Short text fragments from websites
--- --- ---
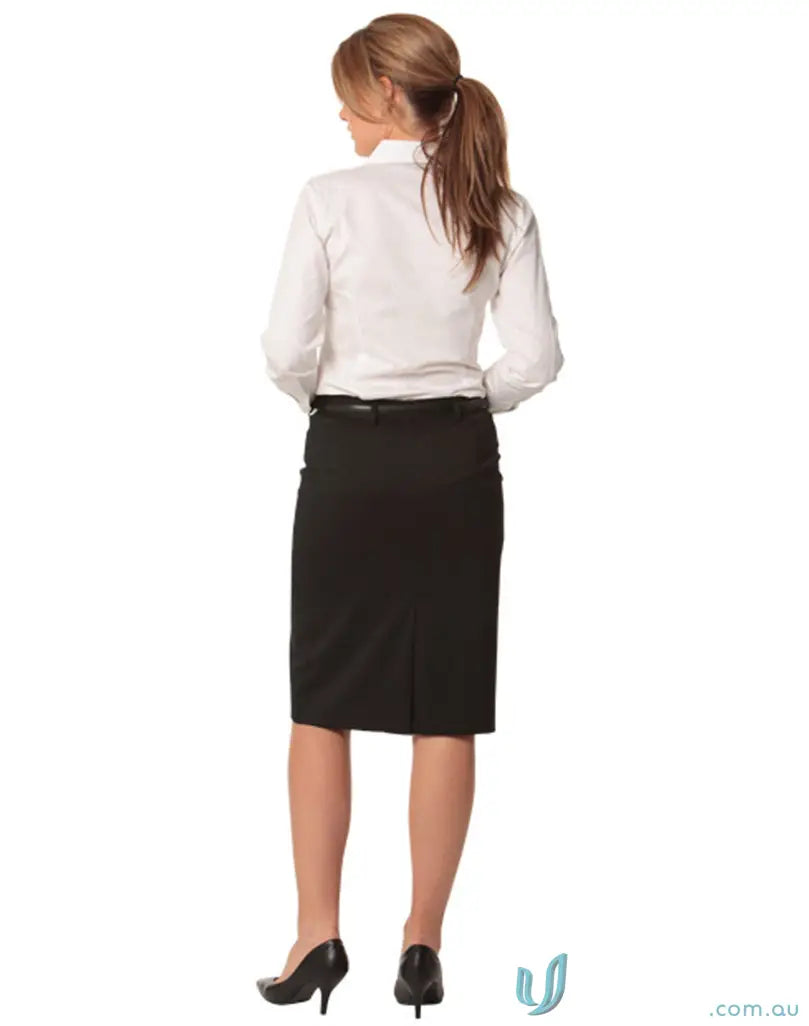 Woman in white shirt and black mid-length pencil skirt with heels from behind
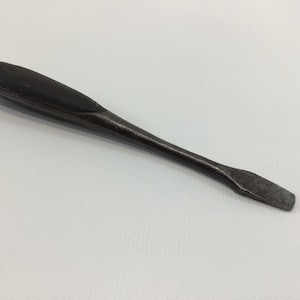 May include: A set of three ceramic mugs with a speckled, matte finish. The mugs are in shades of cream, light gray, and dark gray. Each mug has a simple, minimalist design, perfect for coffee or tea.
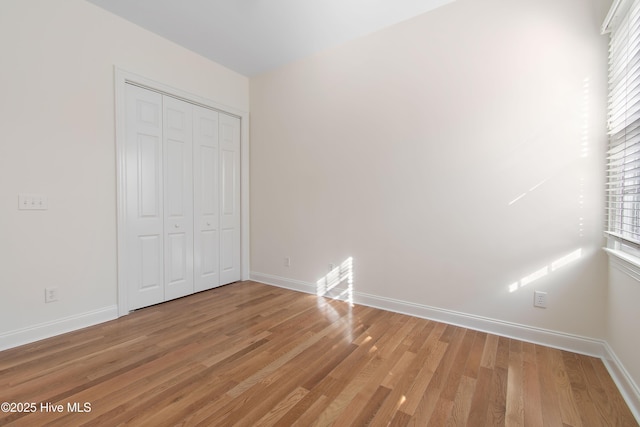 unfurnished bedroom featuring hardwood / wood-style flooring and a closet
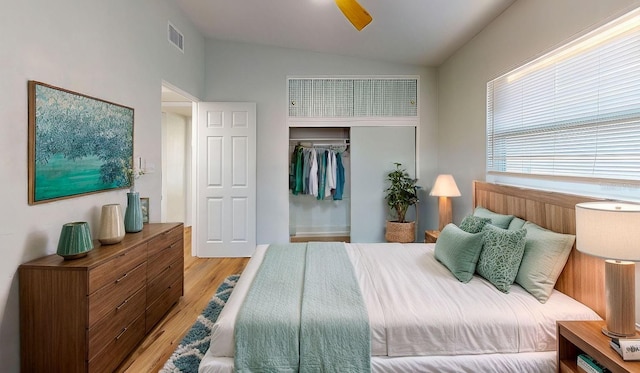 bedroom featuring a closet, vaulted ceiling, ceiling fan, and light hardwood / wood-style floors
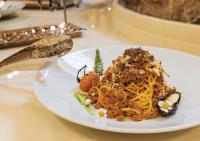 Un plato de comida con espaguetis en una mesa. en فندق سفن روزز, en Amán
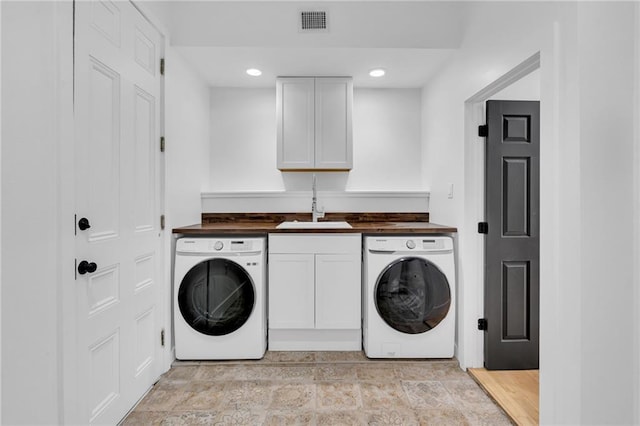 laundry room with visible vents, recessed lighting, stone finish floor, and a sink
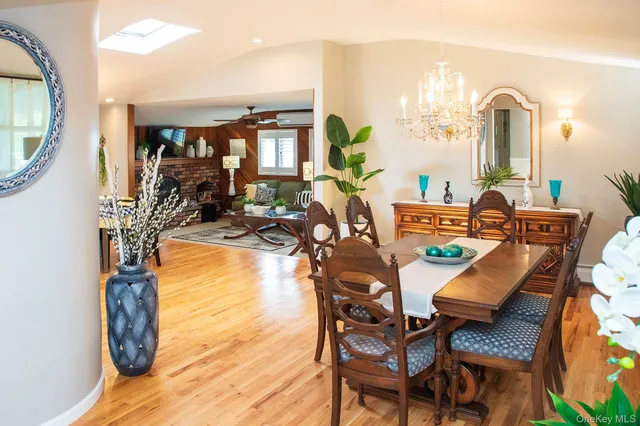 a dining room with furniture and a floor to ceiling window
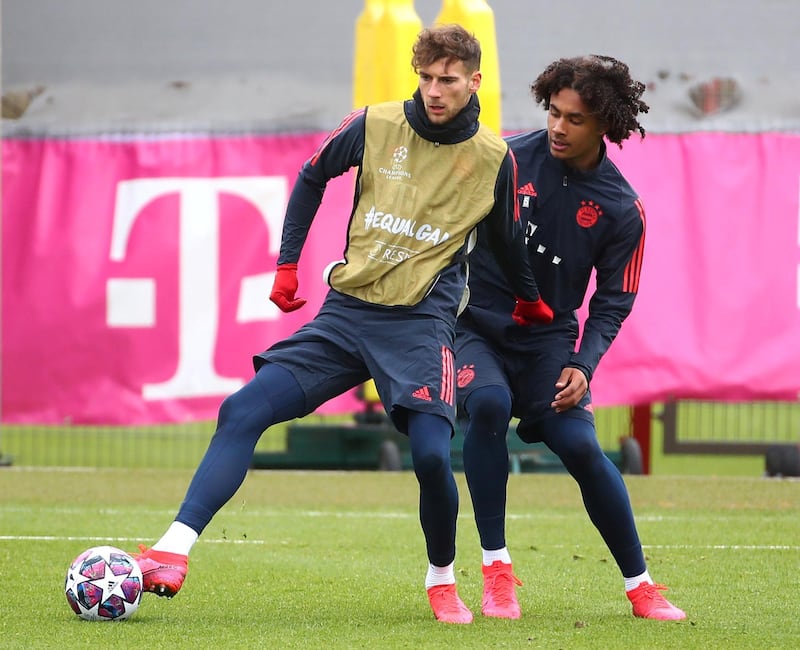 Bayern Munich's Leon Goretzka shields the ball from Joshua Zirkzee. Reuters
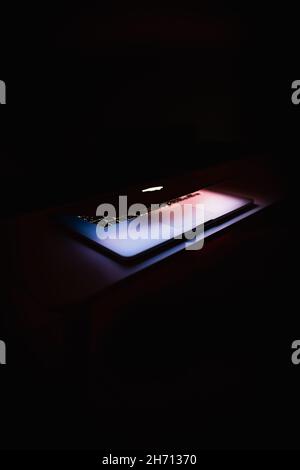 TRUTNOV, CZECH REPUBLIC - Nov 18, 2019: A half-closed MacBook laptop glowing brightly, surrounded by darkness in a pitch-black room Stock Photo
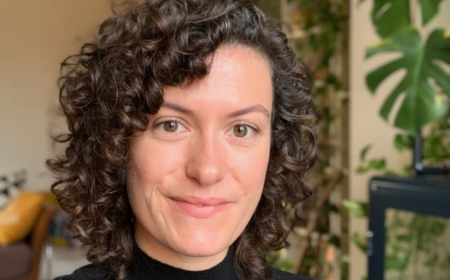 Woman with curly brown hair wearing a black top smiling to camera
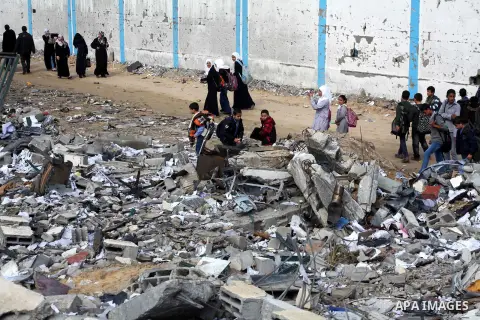 Palestinians school girls walk on the rubble of a building destroyed during earlier Israeli bombardment, as they make their way to their nearby school in Gaza City, on November 24, 2012, three days after a truce was decl...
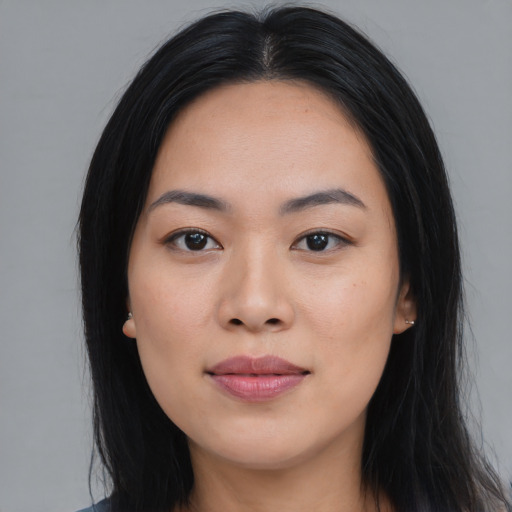 Joyful asian young-adult female with long  black hair and brown eyes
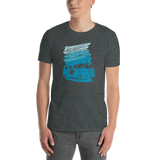 Young male adult wearing a Alter Ego Hawaii T-shirt that has a Hawaii themed graphic logo on the front.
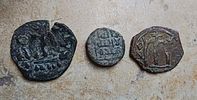 Lot of three copins; Umayyad fals depicting fish, from Beit Shean and dated 700-725 plus two Image - 1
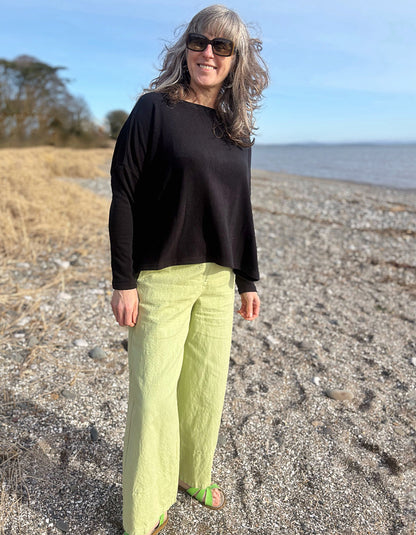 boxy black knit sweater with soft green trousers 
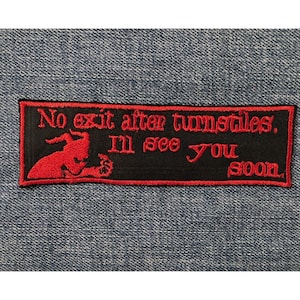 May include: A black rectangular patch with red embroidered text and a red graphic. The text reads "No exit after turnstiles. I'll see you soon." The graphic is a stylized red devil figure. The patch is on a blue denim background.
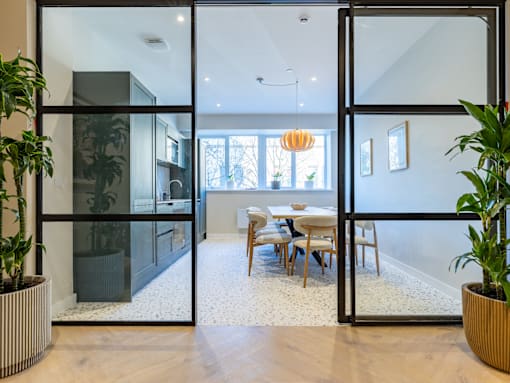 A modern dining room with a glass door entrance.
--- --- ---
# PROBLEM
Restate the data exactly, though only from the line that contains "Un plato de" through its last line, both ends included and with the pictures left out.

# RESULT OF THIS EXERCISE
 Un plato de comida con espaguetis en una mesa. en فندق سفن روزز, en Amán
 laundry room with visible vents, recessed lighting, stone finish floor, and a sink
 a dining room with furniture and a floor to ceiling window
 Bayern Munich's Leon Goretzka shields the ball from Joshua Zirkzee. Reuters
 TRUTNOV, CZECH REPUBLIC - Nov 18, 2019: A half-closed MacBook laptop glowing brightly, surrounded by darkness in a pitch-black room Stock Photo
 Woman with curly brown hair wearing a black top smiling to camera
 Palestinians school girls walk on the rubble of a building destroyed during earlier Israeli bombardment, as they make their way to their nearby school in Gaza City, on November 24, 2012, three days after a truce was decl...
 Joyful asian young-adult female with long  black hair and brown eyes
 Young male adult wearing a Alter Ego Hawaii T-shirt that has a Hawaii themed graphic logo on the front.
 Lot of three copins; Umayyad fals depicting fish, from Beit Shean and dated 700-725 plus two Image - 1
 boxy black knit sweater with soft green trousers 
 May include: A black rectangular patch with red embroidered text and a red graphic. The text reads "No exit after turnstiles. I'll see you soon." The graphic is a stylized red devil figure. The patch is on a blue denim background.
 A modern dining room with a glass door entrance.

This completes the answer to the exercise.